Pictures are to be left out. Return exactly the lines below from the one with "image:imageGloria Vanderbilt Womens" up to and including the one with "Tavolo allungabile rovere con 4 sedie".

START RECORDS PROVIDED

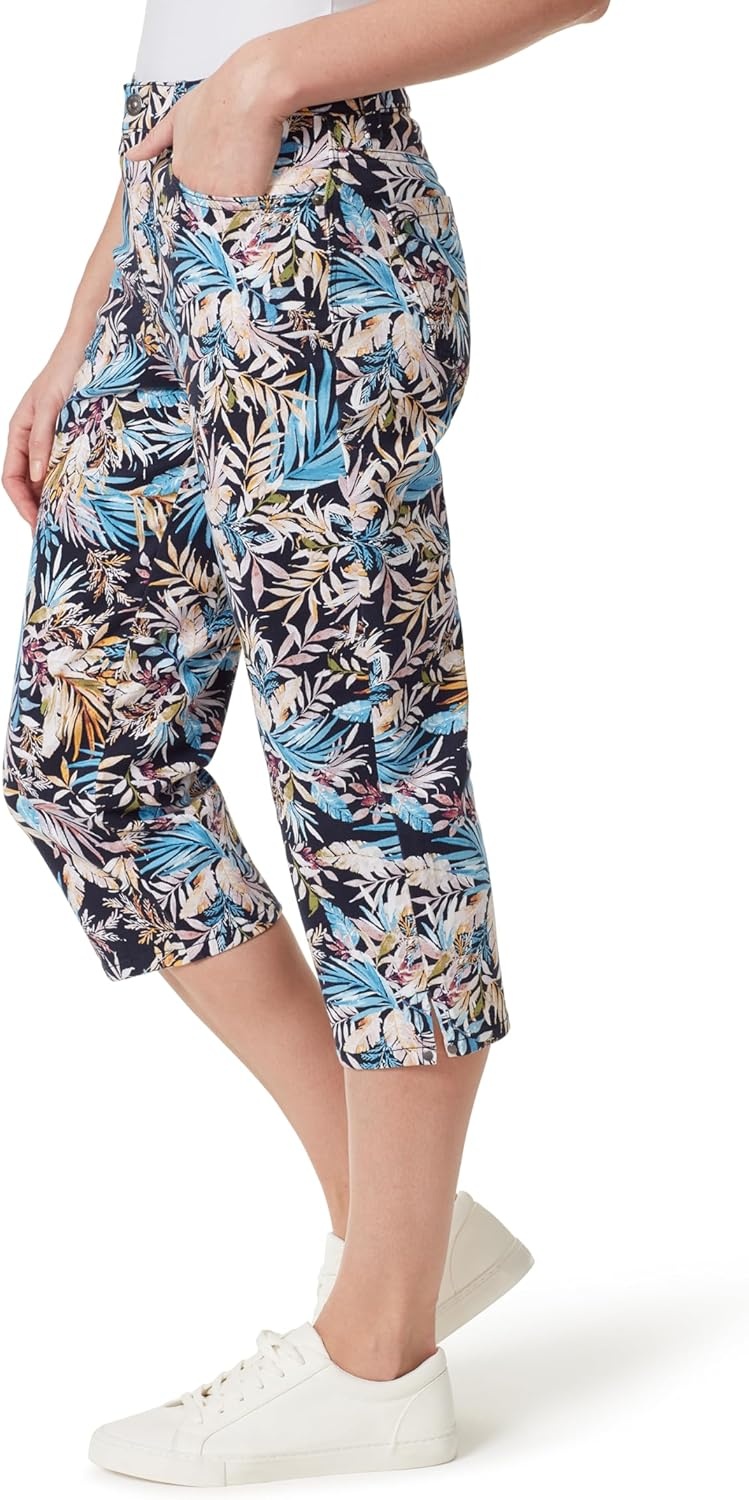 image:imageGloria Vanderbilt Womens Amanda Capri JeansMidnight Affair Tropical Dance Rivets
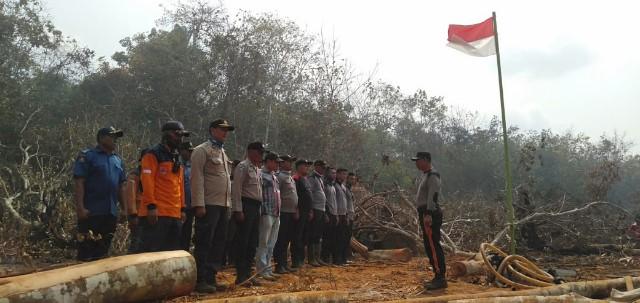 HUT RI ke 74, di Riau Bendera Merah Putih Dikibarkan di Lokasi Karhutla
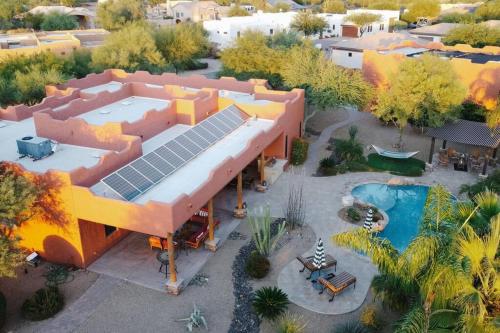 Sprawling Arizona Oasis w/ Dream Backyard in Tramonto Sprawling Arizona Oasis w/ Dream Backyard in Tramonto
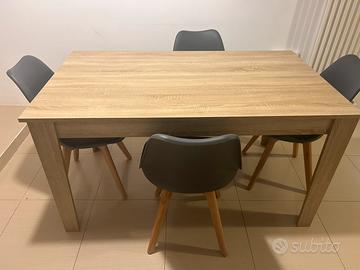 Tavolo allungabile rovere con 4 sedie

END RECORDS PROVIDED
START RECORDS PROVIDED

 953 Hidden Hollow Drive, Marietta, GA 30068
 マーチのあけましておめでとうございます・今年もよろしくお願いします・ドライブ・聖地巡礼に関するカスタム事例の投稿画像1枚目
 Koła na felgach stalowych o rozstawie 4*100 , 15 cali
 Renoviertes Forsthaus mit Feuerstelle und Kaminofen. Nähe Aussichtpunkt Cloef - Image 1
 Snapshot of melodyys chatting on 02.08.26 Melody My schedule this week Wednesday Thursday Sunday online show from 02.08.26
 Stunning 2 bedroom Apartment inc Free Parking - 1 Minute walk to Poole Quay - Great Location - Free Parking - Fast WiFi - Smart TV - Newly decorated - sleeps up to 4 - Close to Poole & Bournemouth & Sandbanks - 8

END RECORDS PROVIDED
START RECORDS PROVIDED

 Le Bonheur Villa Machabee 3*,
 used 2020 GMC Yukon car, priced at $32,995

END RECORDS PROVIDED

» **RESULT**
 image:imageGloria Vanderbilt Womens Amanda Capri JeansMidnight Affair Tropical Dance Rivets
 HUT RI ke 74, di Riau Bendera Merah Putih Dikibarkan di Lokasi Karhutla
 Sprawling Arizona Oasis w/ Dream Backyard in Tramonto Sprawling Arizona Oasis w/ Dream Backyard in Tramonto
 Tavolo allungabile rovere con 4 sedie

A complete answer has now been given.